Benjamin Huan, a junior at UNC, said Chinese New Year is celebrated like any other holiday in his Chinese-American household. Like most Chinese families, Huan was used to spending time with his loved ones and receiving money from his elders. 

Today, Huan is the president of the Chinese Undergraduate Students Association. Along with the interesting rabbit designs that came with this year’s celebration, he was also excited to see how the association's Chinese New Year festival would be enhanced by combining the talents and audiences of both FACSS and CUSA. 

The two student organizations celebrated together by hosting a Chinese New Year festival held last Saturday. 

Yi Zhou, a teaching professor of Chinese at UNC and student organization advisor for CUSA, said that the event worked to create an inclusive environment. 

“During a semester, they cannot go back to China to celebrate, so we all think, well, they must miss their family and their parents and their food and everything in China,” Zhou said. “So we try to provide this kind of home feeling for these students.”

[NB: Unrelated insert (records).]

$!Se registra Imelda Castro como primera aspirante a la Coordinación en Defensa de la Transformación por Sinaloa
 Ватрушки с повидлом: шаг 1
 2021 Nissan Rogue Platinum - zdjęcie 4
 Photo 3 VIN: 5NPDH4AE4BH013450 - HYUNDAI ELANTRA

Wendy Wu, an international student from Beijing and a member of FACSS, said she was homesick last year as a first-year student. However, this year was different, she said.

While the event was centered on Chinese New Year, it was open for all to participate. Wu said she was very pleased with the outcome of the event, not only because it brought together both Chinese-American and international students but also reached people from a wide variety of backgrounds. 

“I like to introduce this festival to others because I like to get in touch with new cultures, and I think many people do too,” Wu said. “I think for Chinese students, this is a way to connect us together — even if just for one day.” 

Wu was responsible for putting together a variety of activities for participants to enjoy. The stations included Chinese calligraphy and painting, chess, and paper cutting – a symbolic craft using paper that is put on one’s window for decoration and good luck. 

Wu said it was not surprising that the most popular of all was the dumpling and Tangyuan station, which highlighted foods traditionally eaten during the New Year. Wu taught her other international friends from different parts of China how to make dumplings for Nian Ye Fan — Chinese New Year’s Eve dinner — in her own time. 

While all students celebrate the New Year in their own way, many aren’t with family, but Wu said they are surely thinking about them. 

“Most of the Chinese students here are international students, which means we are very far away from our families, so Chinese New Year is also a way for us to connect back to our hometown and to express how we miss our hometown and to hear back from our family,” she said. “I think that’s also a way to tell our families that we’re safe and we’re good, and we’re happy. It tends to go way more beyond welcoming in the New Year.”